Data transparency “a very strange debate” says new Lilly head

by | 15th May 2013 | News

The new head of Lilly UK believes that the clinical trial transparency agenda in the UK is a “very strange debate”.

The new head of Lilly UK believes that the clinical trial transparency agenda in the UK is a “very strange debate”.

Speaking to PharmaTimes in an exclusive interview Dr Jean-Michel Cosséry, the new UK managing director and vice president for its Northern Europe hub of Lilly, said that the AllTrials campaign to increase clinical trial data transparency was for him “a strange debate”.

He explains: “I never met anybody in pharma who doesn’t agree that having the opportunity to share data is a good thing, so of course I believe that openness with data is important.

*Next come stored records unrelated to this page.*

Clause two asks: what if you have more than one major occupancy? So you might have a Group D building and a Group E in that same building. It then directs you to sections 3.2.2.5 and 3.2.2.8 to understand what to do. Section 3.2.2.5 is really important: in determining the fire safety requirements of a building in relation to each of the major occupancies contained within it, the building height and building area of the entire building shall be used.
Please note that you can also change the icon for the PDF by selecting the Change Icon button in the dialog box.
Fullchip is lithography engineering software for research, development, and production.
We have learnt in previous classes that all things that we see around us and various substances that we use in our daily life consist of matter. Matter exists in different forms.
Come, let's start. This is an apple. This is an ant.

But when it comes to this being published, I would like experts to define which kind of website and spread-sheet and database is chosen to show these data.

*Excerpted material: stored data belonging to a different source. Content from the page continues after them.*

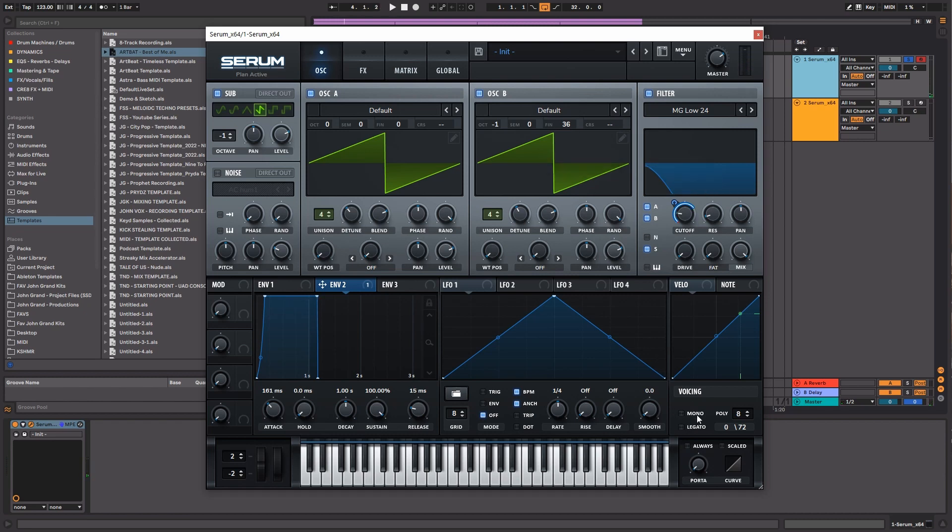And the next thing we're going to do is set this bass to mono. The reason we're going to set it to mono is because we're going to want to play a little bit with the portamento.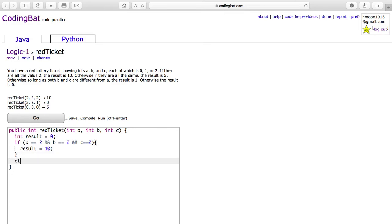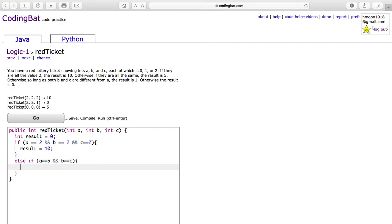Otherwise, if they are all the same, the result is 5. So if A equals B and B equals C, the result will be 5.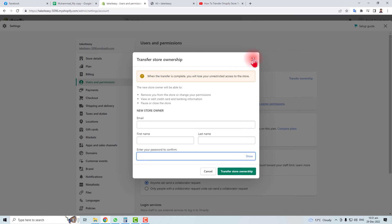The new owner will receive an email with a link about the Shopify ownership. They will click this link, it will direct them to the Shopify store, and after entering their password and username, they will get overall control of your Shopify store. That is how to transfer ownership of Shopify to someone else.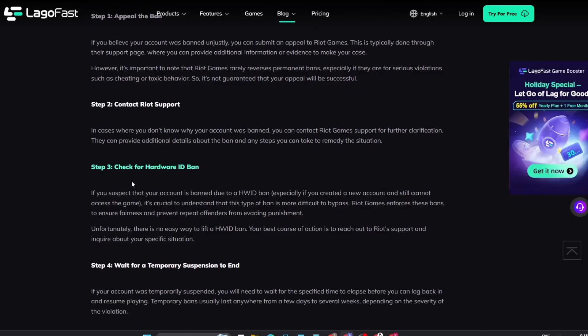Your best course of action is to reach out to Riot Support and inquire about your specific situation. Step 4. If your account was temporarily suspended, you will need to wait for the specified time to elapse before you can log back in and resume playing. Temporary bans usually last anywhere from a few days to several weeks, depending on the severity of the violation.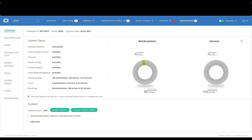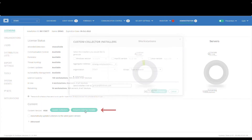4DEDR enables the user to create installers for every collector revision for Windows, Mac, or Linux collectors that are pre-populated with all the necessary customer environment data and can be used by the customer deployment tools such as SCCM, GPO, Jamf, or anything like that. For doing that, one should use the Request Collector Installer link.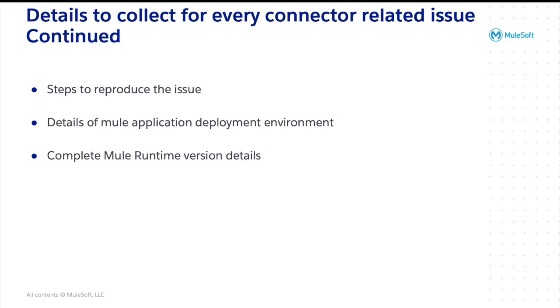Details of Mule application deployment environment, whether the application is deployed in CloudHub, on-prem or RTF. For CloudHub, please provide the exact name of the application on CloudHub. For on-prem or RTF application, please provide whether it's a cluster or not. Complete the Mule runtime version details, Java version and system details, if relevant.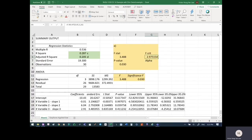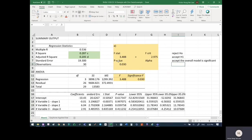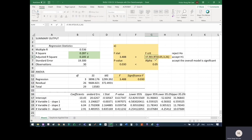Using those degrees of freedom, we get an F-critical of 2.975. Since F-statistic (3.48) is greater than F-critical (2.975), we reject H0 and accept H1 — the overall model is significant. We can confirm this using the p-value: p-value is 3%, which is less than alpha (5%), giving the same conclusion.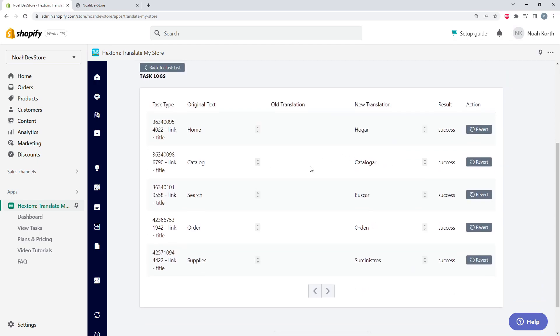Here we can see the original default text, the old translation, which was empty, and our new translation. Also, we can revert each element individually. So let's go back to our shop and see our translation.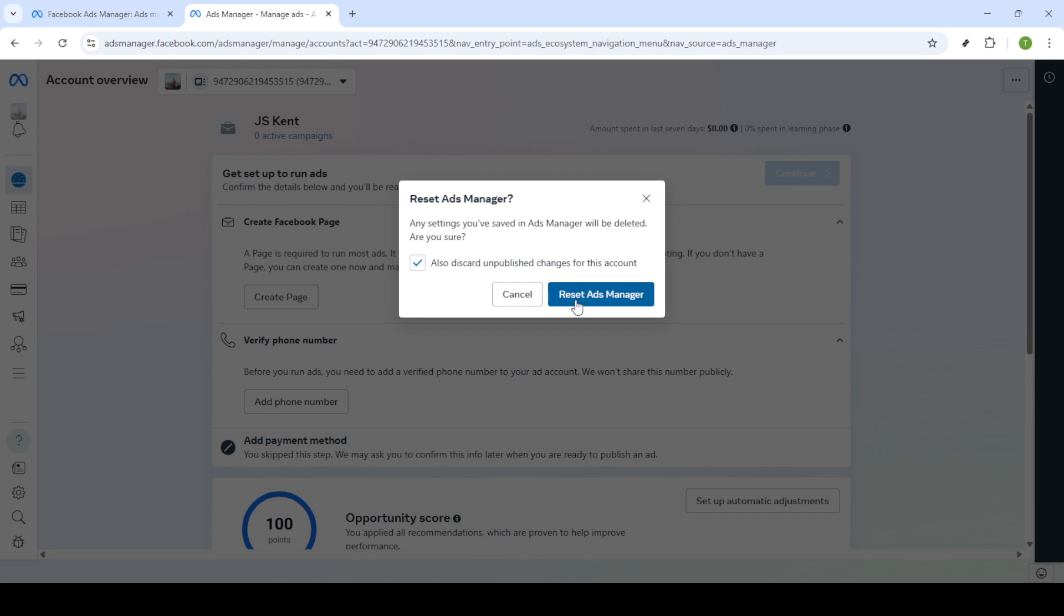That's it! You've now successfully reset your Facebook ads manager. This entire process can be quite helpful if you're troubleshooting or just want a clean slate to start fresh with your advertising strategies. Remember that this action cannot be undone, so be sure about your decision before confirming the reset. Thanks for watching and I hope you found this guide helpful in navigating the reset process.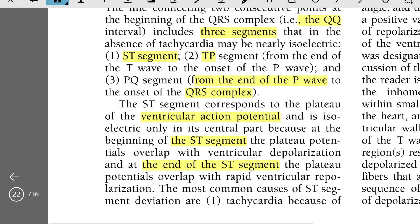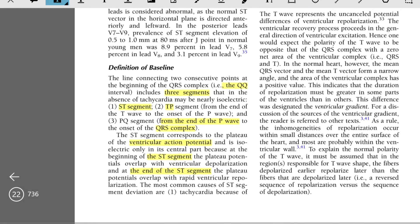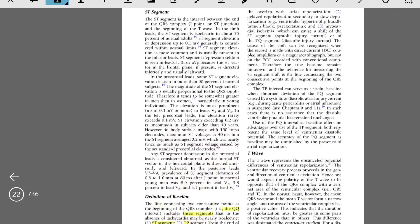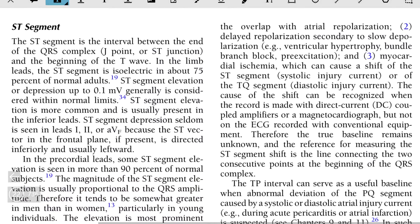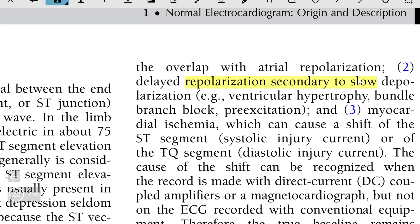The most common causes of ST segment deviation include: tachycardia, due to overlap with atrial repolarization; delayed repolarization secondary to slow depolarization; ventricular hypertrophy; bundle branch block; pre-excitation; and myocardial ischemia, which can cause a shift of the ST segment due to a systolic injury current or of the TQ segment due to a diastolic injury current.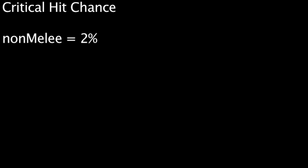First, let's take a look at critical hits. Non-melee weapons have a 2% chance to critically hit when fired. Melee weapons have a 15% chance.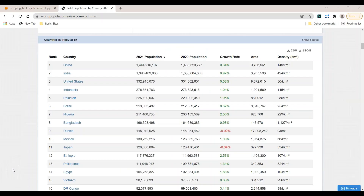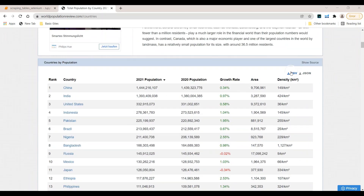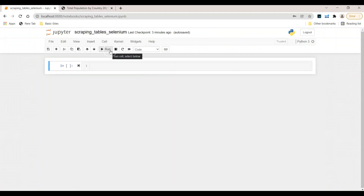Hi everybody! Welcome to the web scraping tables with Selenium tutorial. What we want to do is scrape data from a table. On this example website we can store results in a CSV file and a JSON file, but we don't want to rely on those built-in functions. Instead, we also want to save data in an Excel file and a Postgres SQL database, doing everything using Python, Selenium, and Jupyter Notebook.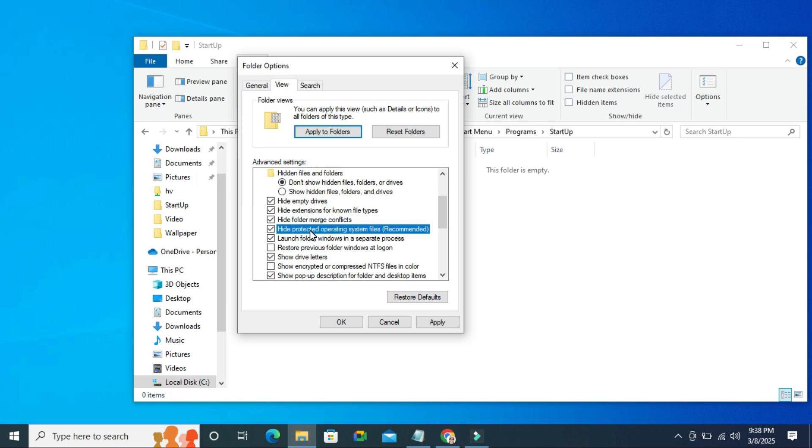Hide protected operating system files, click here, and then click on apply, then click on OK.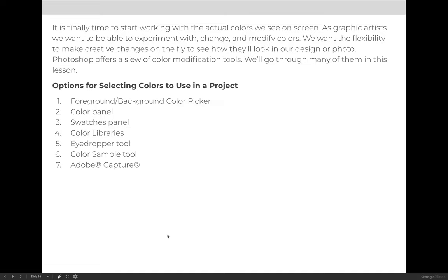In this video I'd like to talk about or demo how to use the color pickers, either the foreground or background color picker. They work the same. The color panel and the swatches panel to select colors that you will apply in your design.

“So for me, the debate is all about how the data will be available: in what format; what website and so on, rather than a debate about transparency, because that is happening now.”

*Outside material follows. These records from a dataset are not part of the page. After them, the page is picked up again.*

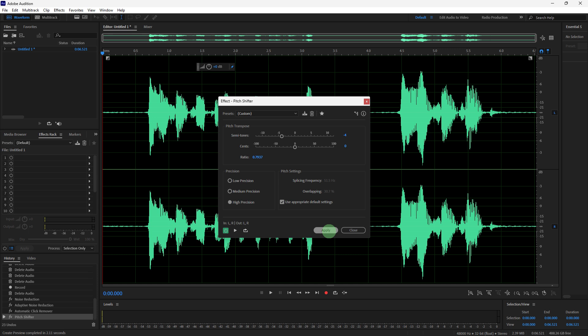Use the preview button to listen to the changes, then adjust until you are satisfied. Click Apply to process the audio.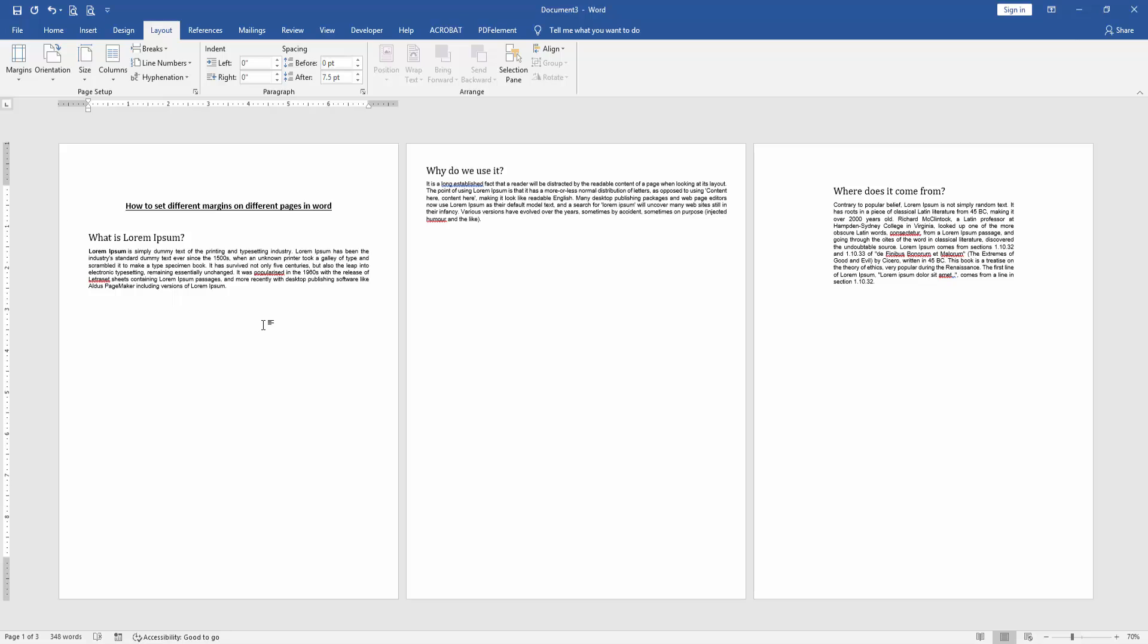Now we can see we've set different margins on different pages very easily. I hope you enjoyed the video. Please like, comment, share, and subscribe to my channel. Thanks for watching.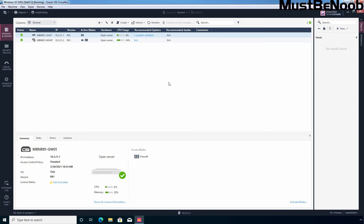Hi, this is Rianne from Must Be Noob. In this lab guide, I'll configure manual NAT to allow external users to access the web server placed in DMZ network over the internet.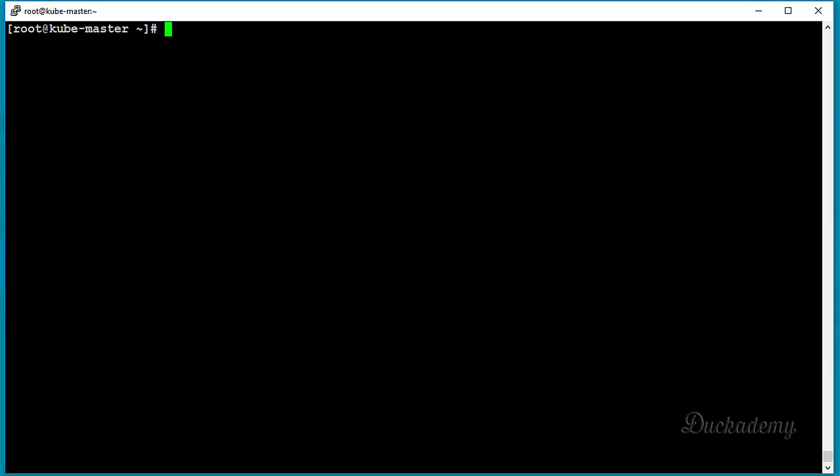Init containers are specialized containers that run before application containers. They can contain utilities or setup scripts not present in an application image. Using these containers, you can have a generic application image and an init container image with the setup tool, where behavior depends on the command arguments you give. This way you can have a generic image and customize everything with an init container for different customers, saving you a lot of time.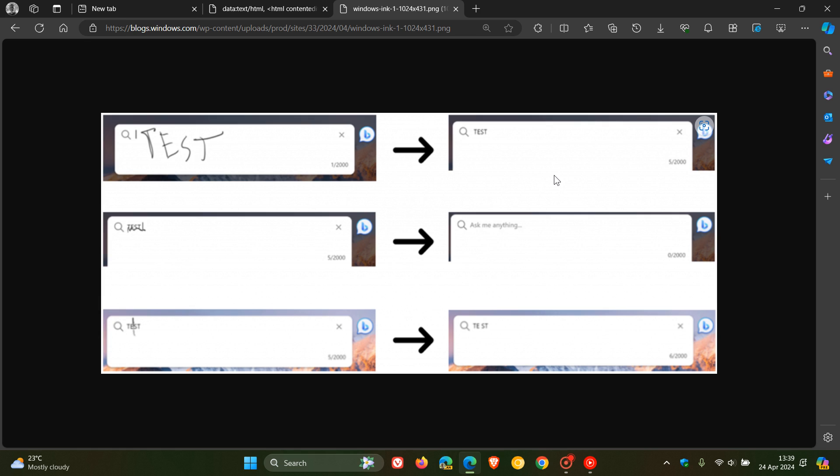Edge 124 now supports Windows Ink in the text input fields as well as the address bar. So if you do have digital pen support, you may find this useful. And basically, Windows Ink support in Edge with the feature now that's been enabled in version 124.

This viewpoint has been echoed by Roch Doliveux, the chief executive of UCB, who recently told reporters at his firm’s quarterly financial results that the need for pharma to release more of its clinical trial data for greater public scrutiny was a “very UK topic”, adding that he has “difficulty understanding the passion of the debate”.

But Jean-Michel says he thinks this debate will be sorted in the next few months as the European Medicines Agency already has plans to promulgate more clinical trial data over the next year.

He also argues that the debate should be about transparency for drugs that are in development now. “Many people want to go back over data for drugs that have been on the market for ten or even 20 years,” he says.

“So the question must be: where do patients want pharma to spend its money: do they want it spent on drugs now, or do they want it spent on going over data from ten years ago? Of course, the answer is patients want our highly skilled scientists working on the drugs of tomorrow, and not going over the old data of the past.”